After a shooting at Planned Parenthood in Colorado Springs last week, anti-abortion activists in Florida are cancelling a rally planned at the state Capitol next week.
The Florida Family Policy Council, which was going to bus supporters from Miami and Orlando to picket the governor's office Dec. 7, has decided to push back the rally to the spring in response to the shooting that left three dead on Friday.
“This violent and horrifying act by someone who has a troubling and violent past, is in complete opposition to the pro-life cause,” said the group's president, John Stemberger, in a statement Monday. “We believe that we must continue promoting the pro-life message and reiterate the concern we have for every human life including the victims of this tragedy."
Stemberger and his supporters have been calling on Gov.

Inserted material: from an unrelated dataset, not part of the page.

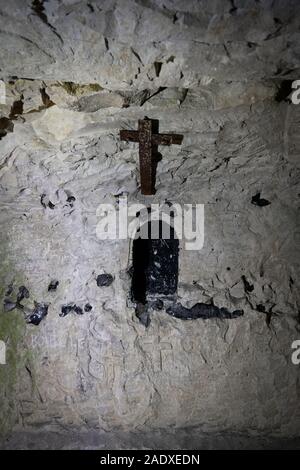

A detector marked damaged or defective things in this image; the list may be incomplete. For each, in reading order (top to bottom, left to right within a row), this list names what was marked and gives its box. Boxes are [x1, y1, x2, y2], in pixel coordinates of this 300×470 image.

rusty iron cross [119, 120, 183, 197] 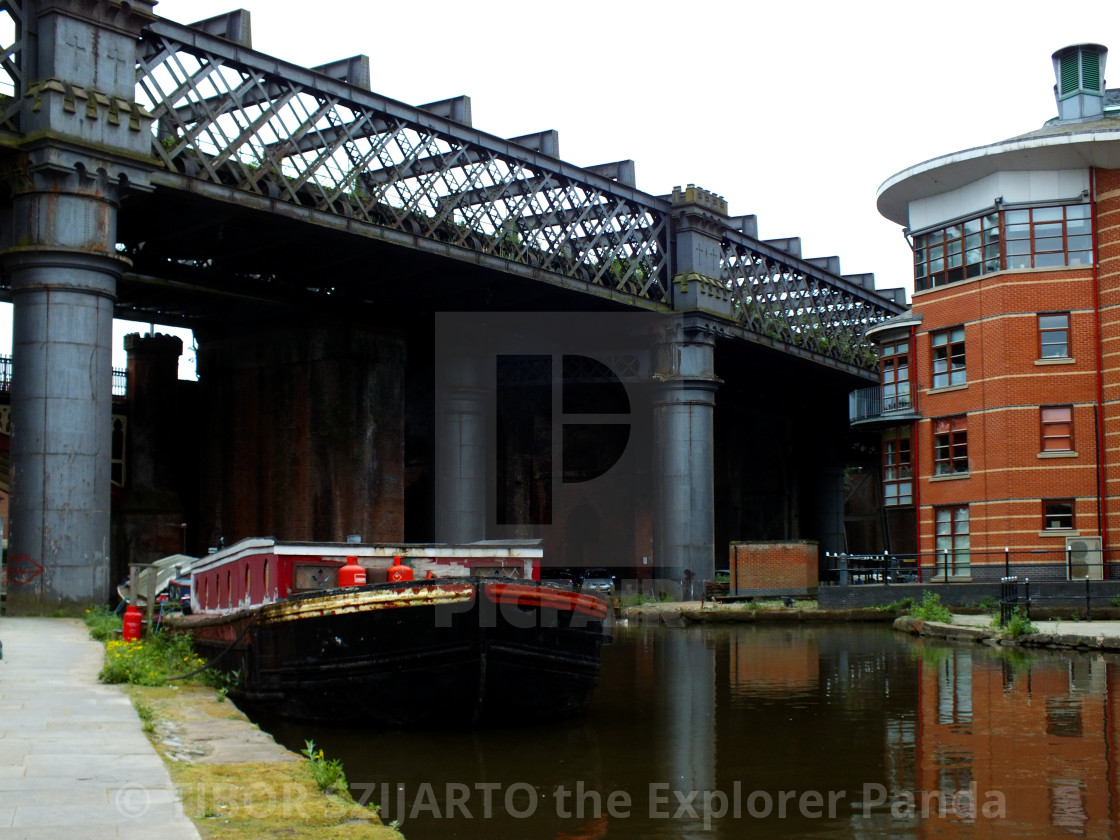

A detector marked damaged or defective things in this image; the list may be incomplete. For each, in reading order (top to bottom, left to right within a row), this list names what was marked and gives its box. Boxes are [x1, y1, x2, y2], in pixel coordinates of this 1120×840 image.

rusty metal hull [178, 576, 608, 728]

Rick Scott to cancel contracts with Planned Parenthood that require the state to match some federal Medicaid funds.
In total, it costs the state $45,000 a year, according to the Agency for Health Care Administration. And the governor doesn't plan to end the contracts, even as he has taken a hard stance against Planned Parenthood in the wake of videos of the organization's fetal tissue donation programs that have stirred outrage among conservatives.
But Planned Parenthood of Southwest and Central Florida CEO Barbara Zdravecky on Monday called out heated rhetoric nationally against the group, saying that encouraged the shooting in Colorado.

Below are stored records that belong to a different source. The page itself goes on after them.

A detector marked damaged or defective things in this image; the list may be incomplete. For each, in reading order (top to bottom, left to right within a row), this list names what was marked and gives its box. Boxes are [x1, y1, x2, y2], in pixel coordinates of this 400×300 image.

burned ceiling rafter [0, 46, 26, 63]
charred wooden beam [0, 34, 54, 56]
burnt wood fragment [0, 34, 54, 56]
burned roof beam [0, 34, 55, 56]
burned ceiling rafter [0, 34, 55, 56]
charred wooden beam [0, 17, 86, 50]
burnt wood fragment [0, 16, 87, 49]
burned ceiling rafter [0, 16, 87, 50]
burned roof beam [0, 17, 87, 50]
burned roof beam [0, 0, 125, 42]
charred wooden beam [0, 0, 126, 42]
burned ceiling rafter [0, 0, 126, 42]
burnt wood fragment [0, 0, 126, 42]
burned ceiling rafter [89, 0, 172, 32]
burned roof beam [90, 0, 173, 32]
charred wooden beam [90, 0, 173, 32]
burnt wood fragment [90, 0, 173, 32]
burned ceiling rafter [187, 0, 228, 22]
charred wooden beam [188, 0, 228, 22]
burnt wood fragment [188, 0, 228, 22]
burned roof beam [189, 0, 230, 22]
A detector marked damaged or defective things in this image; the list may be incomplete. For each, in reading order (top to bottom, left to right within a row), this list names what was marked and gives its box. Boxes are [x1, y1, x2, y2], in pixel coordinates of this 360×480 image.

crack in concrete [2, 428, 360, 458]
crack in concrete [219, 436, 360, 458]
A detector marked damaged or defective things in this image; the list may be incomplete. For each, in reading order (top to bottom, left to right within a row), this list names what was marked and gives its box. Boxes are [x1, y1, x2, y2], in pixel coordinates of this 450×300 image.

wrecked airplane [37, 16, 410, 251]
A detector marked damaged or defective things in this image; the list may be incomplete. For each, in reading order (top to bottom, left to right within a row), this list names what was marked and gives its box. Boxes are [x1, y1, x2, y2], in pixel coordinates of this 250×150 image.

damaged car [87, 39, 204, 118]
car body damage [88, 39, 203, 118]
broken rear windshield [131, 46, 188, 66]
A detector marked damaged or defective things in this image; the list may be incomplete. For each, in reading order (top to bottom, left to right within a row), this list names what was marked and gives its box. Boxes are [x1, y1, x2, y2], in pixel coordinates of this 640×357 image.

"We have all seen an alarming increase in the hateful rhetoric and smear campaigns against abortion providers and women's health care providers and our patients over the last few months," Zdravecky said at an event in Sarasota. "That environment breeds acts of violence, and Americans reject the hatred and vitriol that fueled this tragedy."
Florida Planned Parenthood clinics have remained open for their normal hours since the shooting, she said.
The organization's clinics have tough security, Zdravecky said. And after the Colorado Springs shooting, she said local law enforcement contacted her and reaffirmed their support for safety at Planned Parenthood locations. Among the supporters is Democratic St. Petersburg Mayor Rick Kriseman, who Zdravecky said was outside a clinic in Pinellas County Monday to show his support.
Stemberger is not backing down from his demand that Scott end those contracts, despite rescheduling the rally for an undetermined date this spring.
“We will continue to push forward to end abortion and end the taxpayer funding of abortion providers in our state,” he said in the statement.
“However," Stemberger added, "we also admonish those on the other side of this issue who are attempting to use this tragedy for their own political gains."